Siegen. . Seit Juni 2012 begleitet der Siegener Herbert Bäumer die Bauarbeiten zwischen Sieg, Sandstraße und Stadtmauer als Fotograf. Der 72-Jährige macht es ehrenamtlich, weil es Spaß macht und weil er findet, dass städtebauliche Entwicklungen dokumentiert werden müssen.
Thorsten Bäumer war damals einer der ersten, der 1969 über die Siegplatte kurvte. Als kleiner Jong mit seinem Dreirad, das er zu Weihnachten geschenkt bekommen hatte. Herbert Bäumer (72) erinnert sich noch genau daran, wie er mit seinem Sohn die Bauarbeiten vom Schlafzimmerfenster aus beobachtet hat. „Wir hatten den besten Blick“, sagt er und schaut rüber zur alten Dachgeschosswohnung in der Hindenburgstraße. „Leider hatte ich damals noch keine Leidenschaft für die Fotografie.“ Das ärgert ihn noch heute. Heute hätte er wahrscheinlich ein Stativ vor dem Fenster aufgebaut. Seit dem 3. Juni 2012 begleitet er die Arbeiten an Sieg, Sandstraße und Stadtmauer als Fotograf für die Stadt Siegen – ehrenamtlich.

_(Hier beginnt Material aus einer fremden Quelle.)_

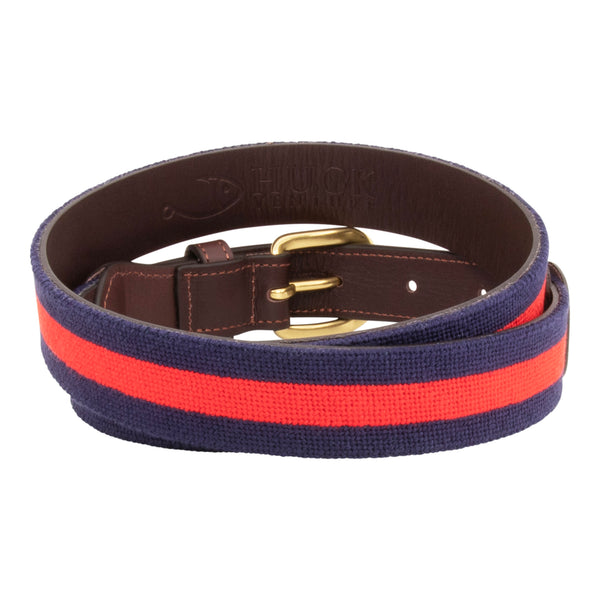 Navy Stripe Needlepoint Belt with a dark navy blue background showing a red stripe 1/3 the width of the belt going down the center of the belt. Belt has a brass buckle and full grain leather backing and strap.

Weil es ihm große Freude macht, das merkt man bei jedem Schritt entlang der Bauzäune und bei jeder Geschichte, die er zu den technischen Arbeiten und den Menschen auf der Baustelle erzählt, aber auch weil er es wichtig findet, stadtprägende Ereignisse zu dokumentieren.
Ist-Zustand
Zunächst hielt Bäumer den Ist-Zustand fest: Siegen mit der 5100 Quadratmeter großen Kragplatte, die Stadtmauer vor der Sanierung und die Sandstraße noch ohne Großbaustelle. „Jetzt fotografiere ich jeden neuen Bauschritt“, erklärt der 72-Jährige. „Meine Idee für ein Motiv ist immer die Frage: Was muss dokumentiert werden, weil es später nie wieder so aussieht?“
Das kann dann aber auch schon einmal eine zerbrochene Hacke sein. „Heute wissen wir noch nicht, was später mal wichtig ist“, sagt er. Aber es könne doch auch sein, dass sich die Menschen später einmal fragen: Mit welchem Gerät haben die Menschen gearbeitet? Was hatten sie an?
„Hier, mach das ja ordentlich. Die Mauer muss halten“, ruft Bäumer einem der Arbeiter zu und lacht. Was nun folgt ist ein lockerer Wortwechsel, eine Mischung aus kumpelhaften Aufziehen und Fachsimpelei. Wie es auf so einer Baustelle eben zugeht. Die Männer sind gerade dabei das Widerlager für die neue Oberstadtbrücke am Kunstweg vorzubereiten. Heute wird gegossen. Fließender Beton, das Motiv des Tages für Herbert Bäumer. Allerdings erst gegen 14 Uhr.
Bauleiter, Polier, Vorarbeiter – sie alle haben seine Handynummer. „Wenn’s was Spannendes gibt, klingeln sie kurz durch“, erzählt Herbert Bäumer. So wie Vorarbeiter Rosé Romero, der neulich ein altes Flaschenlager der Schnapsbrennerei Oechelhäuser ausbuddelte. Auch davon machte Bäumer natürlich Fotos.
Autodidakt
Die orangefarbene Weste auf der hinten in großen Lettern „Fotograf“ steht, bräuchte Bäumer eigentlich nicht. Auf der Baustelle kennt ihn eh jeder, auch weil er sie vermutlich alle schon vor der Linse hatte.
Manchmal muss der 72-Jährige allerdings auch unbekanntes Terrain betreten und seinen ganzen Charme einsetzen. Zum Beispiel als er die Stadtmauer als Ganzes fotografieren wollte. Von der Straße aus ging das nicht, so klingelte er kurzerhand in einem Haus in der Kölner Straße. „Alles kein Problem. Wer sich höflich vorstellt und erklärt, was er vorhat, darf auch in die Wohnung“, sagt er. „Ich lerne hier sehr viele Menschen kennen, das macht schon Spaß.“
Das Fotografieren brachte sich Herbert Bäumer zum großen Teil selbst bei, aber auch in vielen Fotokursen. Begleitet hat er schon den Umbau des Apollo-Theaters, der Siegerlandhalle oder des Kreishauses.
Jeden Tag ist er mindestens zwei Stunden mit seiner Nikon zwischen Sieg und Stadtmauer unterwegs. Weit mehr als 1000 Fotos sind so schon zusammengekommen. Zu Hause bearbeitet er die Bilder und schickt die neusten Motive an die Stadt Siegen. Dort werden die Fotos dann ins Netz gestellt, um der Welt den Fortschritt zu zeigen. Beim Archivieren geht Bäumer sicher: Die Dateien speichert der Fotograf auf dem eigenen Rechner, einer externen Festplatte und goldbeschichteten DVDs – mit 100 Jahren Garantie.